Jasia Reichardt, Exhibitions Director of the Institute of Contemporary Arts, London, saw my final show at the Slade and invited me to make one of the rooms for this exhibition. Ten artists had been invited to contribute a sitting room, including artists of repute such as Patrick Hughes and Bruce Lacey. This was to be my first London show as a working artist. I collected some of my pun-sculptures, covered the walls, ceiling and floor of my room at the ICA with black fur fabric and placed my sculptures in it. My room looked good with the black and white objects, giving the appearance of furniture in a three-dimensional monochrome photograph. To emphasize this further, I had each pun-sculpture photographed, and the large black-and-white prints displayed at strategic points on the walls. I ensured that the surface quality of the prints and the black and white tones within them replicated exactly the look and feel of the sculptures. The result was so satisfying that from this point on, photography became an integral part of my work. I then wrote the following and displayed it in the room:
Professor Vaughan Grylls holds the Chair of Philosophy at the Episcopalian University of Soaring Spires, Idaho. He achieved eminence early in his career with his notorious dissertation 'Why Words', which he first read as a paper before the Society for the Analysis of Arcane Language shortly after graduation. In this paper he demonstrated that conventional, indeed scholarly, language structures could be accompanied by a total absence of meaning. Professors were puzzled and logicians angry. But more was to come, a complete breakthrough in the history of semantics. Grylls rejected language as a viable medium. Claiming that all language re-structures and thereby distorts thought, he delivered a series of quietly brilliant lectures on 'the silence of communication'. At first students were nonplussed. Later they appreciated his taciturnity. Things now began to move fast. Grylls was appointed to the coveted position of Drone's Professor of Comparative Languages. Sacked from this post the following year, he published the theory that had led to his dismissal. This was the famous 'Alice paradox'. Grylls was grappling with the gap between intention and expression: as Alice was instructed, a person can mean what he says without saying what he means. 'We have to find the way to say what we mean; if we mean what we say, we must weigh what we mean'. Colleagues were scornful. But in an article entitled 'On, Means and Says', published a month later, Grylls affirmed that he meant what he said. His genius was coming to be recognized.

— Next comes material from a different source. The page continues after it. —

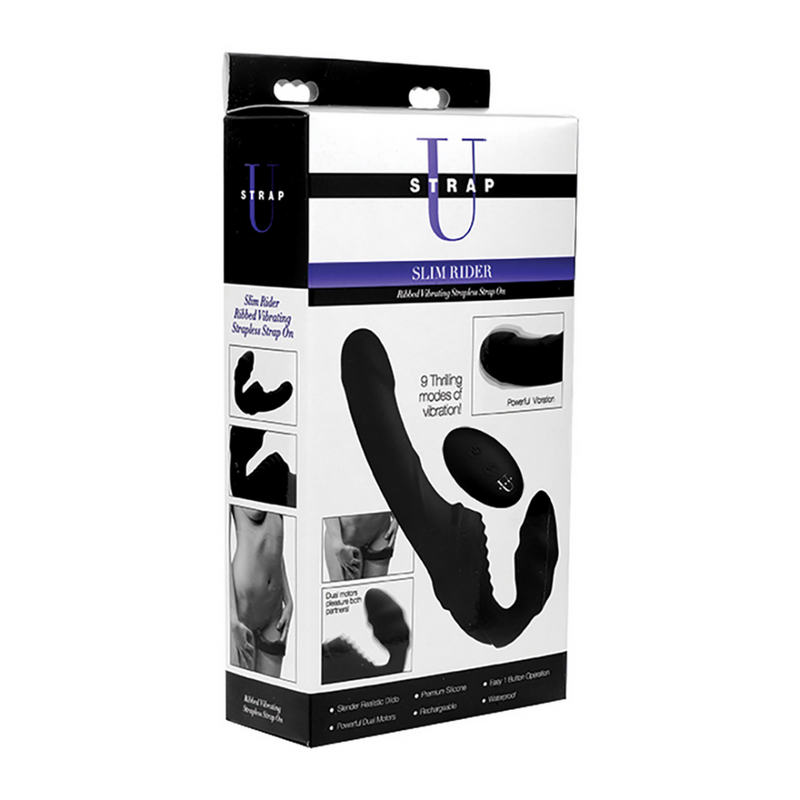 Pro Rider - Strap-On en Silicone Vibrant sans Sangle avec Télécommande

Satisfied that language was moribund, Grylls became interested in the possibility of thought without words. He wanted to give an account of that moment in which a concept is formed but has not yet been articulated in words, the pre-verbal implosion, as he called it. In pursuit of this aim he photographed himself in various postures of tortured cogitation. These photographs he sent to the Journal of Behavioural Psychology. They were politely returned and now hang on his walls. But he continued to startle the academic world, this time with his extreme liberalism. Students not yet attuned to the silence of his lectures were permitted to make free with his wife. She gave birth to several children while he was working on a new book. In this he drew an analogy between sexual ethics and outmoded language structures. It was called 'Pre-verbal Implosions and my Wife'. 'Cretinous', pronounced a Harvard professor when it was published. Meanwhile, more children were born.

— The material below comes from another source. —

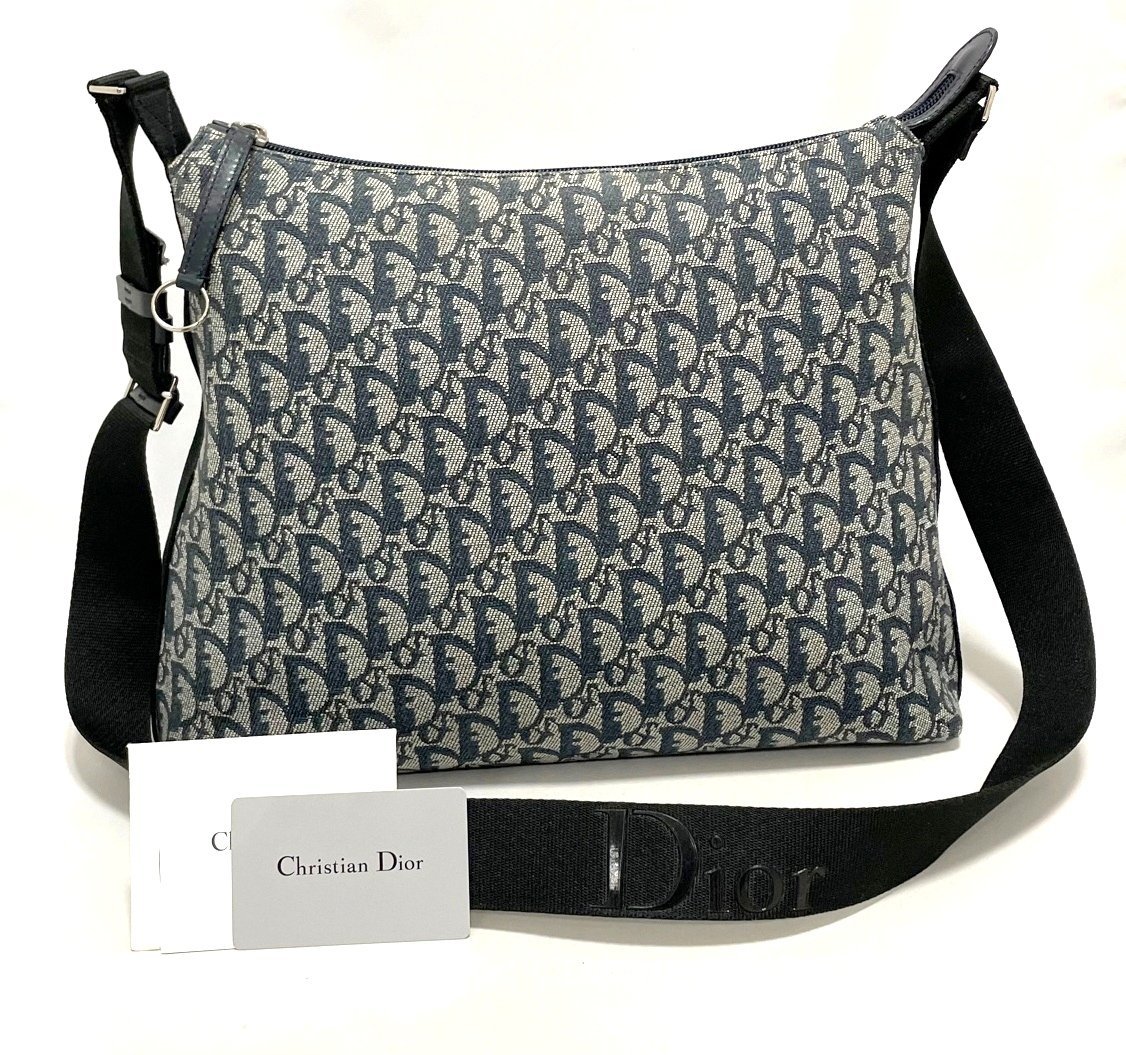 ChristianDior クリスチャンディオール トロッタ― 柄 斜め掛け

After the death of his wife, Grylls embarked on his most famous scheme: solid language. His radiogram and lectern exam paper, constructed on his return from London, England in 1969, consummated his career.
Grylls is a man of principle. He has exposed the inadequacy of language in a hundred books. Bereft of students, surrounded by bastards, he sits in triumph among the ruins of his liberalism and learning. No words can describe him.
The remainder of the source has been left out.